Kindergarteners through 10th graders learn about Jewish life through experiences and hands-on activities. Our Shoresh team of teachers, specialists, and madrichim (teen assistants) supports learners as they explore Jewish concepts through developmentally appropriate projects and discussions.

SHORESH LEARNING PRIORITIES

  1. Jewish identity: At Shoresh, we grow and get to know ourselves, our congregational family, and our Judaism.
  2. Community: Each of us is an important member of the worldwide Jewish community with responsibility for others, just as they have responsibility for us.
  3. Prayer: We express our hopes, wishes, needs, and thanks through prayer, spirituality, awareness, and exploration of God.
  4. Social justice: All Jews are responsible in the work for social justice and equality among all people.
  5. Study: We gain meaning and guidance for our daily lives through learning about Torah and Judaism.
  6. Israel: Israel is the homeland of the Jewish people. Our relationship with the modern state of Israel can be complex; knowledge of and engagement with Israel is an important part of modern Jewish identity.
  7. B’nei mitzvah and confirmation: Becoming b'nei mitzvah and participating in confirmation are rituals that put the other six learning priorities into action and allow students to experience a taste of Judaism as an emerging adult.

 

See more details from our curriculum designed exclusively for Shoresh.

KINDERGARTEN-5TH GRADE

Learners meet in mixed-age groups, culminating in our weekly Family Shabbat service. Kindergarten–5th grade learners take active roles with their teachers in determining projects at Shoresh. Units are structured around Jewish concepts and Hebrew, and they incorporate learner interests and teacher skills.

6TH–9TH GRADE

Middle school and high school youth who are capable of more thorough and mature discussions and topics. The Six Points curriculum cycles through relevant topics to provide youth with a full suite of learning and experiences leading up to Confirmation in 10th grade and Jewish adulthood. Each year includes interaction with Jewish texts, discussion of Jewish practice and spirituality, and conversations about modern issues (e.g., gender or kashrut ethics) and more adult topics (e.g., the Israel conflict or adult concepts of spirituality).

Hebrew

2nd–6th grade learners participate in Hebrew@Home, weekly 30-minute online sessions with their teachers that allows instruction to be completely individualized. On Fridays, learners interact with Hebrew through activities focusing on prayer and spirituality rather than learning to read Hebrew. Teachers track progress through regular one-on-one interactions, and other educators like our clergy and Religious School Director participate in individual assessments. Learners work with the clergy to prepare for b'nei mitzvah.

CONFIRMATION (10TH GRADE)

10th graders meet weekly with the rabbi and educator, discussing topics such as adult God concepts and how to consciously live Jewishly in their adult lives. Youth focus on developing their own God concept, learning about advocating for social change they believe in, and learning about what being a part of a community is all about. They learn about their responsibility to identify and find their own Judaism that is meaningful to them.

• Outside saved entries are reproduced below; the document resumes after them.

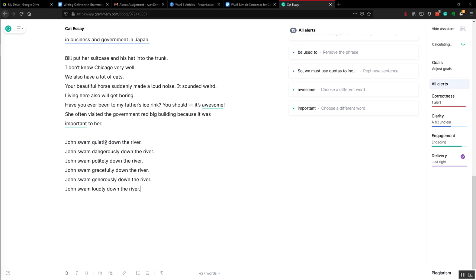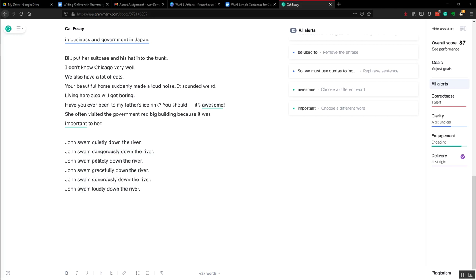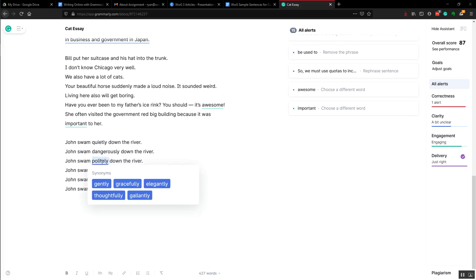John swam quietly down the river. Quietly fits out very easily, but John swam dangerously down the river is kind of a very unusual sentence. It does suggest some possible synonyms, but dangerously is definitely a weird word, something strange, politely down the river.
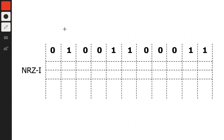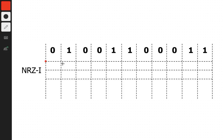In NRZI signal encoding, we start from this point in the upper position, as with all other NRZ encodings. All we have to do is turn to the opposite side if we find a 1, otherwise we don't do anything. If we get constant zeros, we stay on that side.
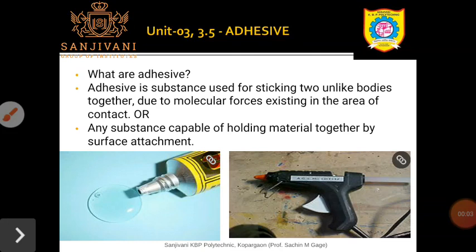Hello everyone, I am Professor Sachin Mohantage from Sanjouni KBP Polytechnic Kopergaon. Welcome all of you to the lecture management system. In the last class we discussed about the polymer in two parts: plastic and the types of polymerization reactions. In this class we are going to discuss about the fifth content, that is adhesives.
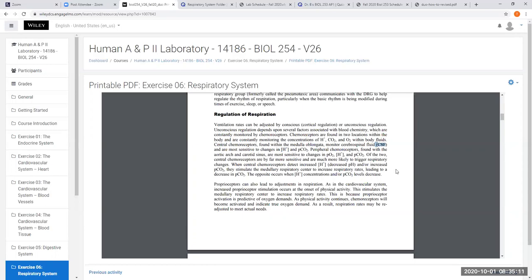Peripheral chemoreceptors are located in the aortic arch and in the carotid arteries at the carotid sinus. Since they're in the arteries, they monitor chemical changes in the blood. Peripheral chemoreceptors monitor all three variables: partial pressure of oxygen (PO2), hydrogen ion concentration (or pH), and partial pressure of CO2 (PCO2) in the blood. Note that central chemoreceptors do not monitor O2 — only peripheral chemoreceptors do.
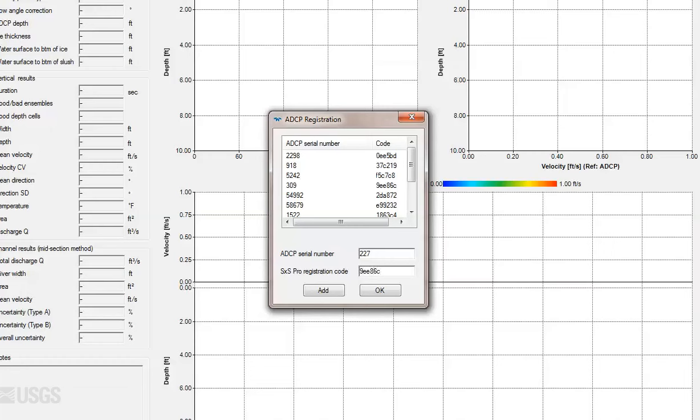If you attempt to set up a measurement in the wizard with an ADCP that hasn't been enabled, you will receive a warning indicating the unit hasn't been activated.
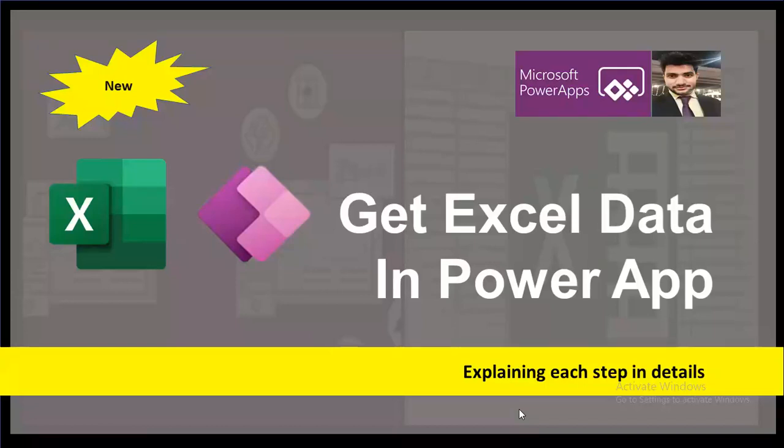Uploading Excel into PowerApp is a very common requirement that you definitely would have encountered. Hi everyone, this is Prashant Chaudhary.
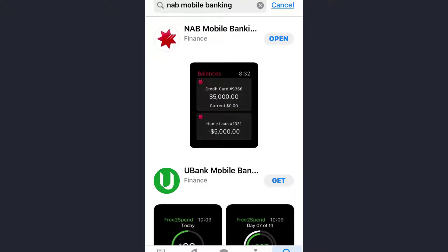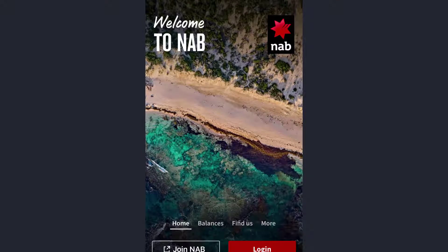Hey guys, welcome back to my channel. In today's video, I'll show you how you can register or enroll to the NAB — that's National Australian Bank. First of all, you need to download the NAB mobile banking app either from your Play Store or App Store. I've already downloaded the app. Once downloaded, open the app — this is the login page of NAB.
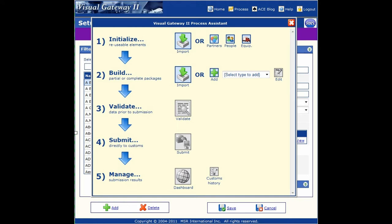Integrate your company data with our eManifest solution. You no longer have to manually enter data such as equipment, drivers, and other trade chain partners.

The class travels to Washington, D.C. to participate in the Religious Action Center's L'Taken program, designed for high school students to explore public policy issues and their Jewish values, create a persuasive argument on a topic of their choice, and lobby Congress. Each spring, the Confirmation class puts together and then leads a Shabbat morning service to culminate their Confirmation year and mark the end of their formal Jewish education.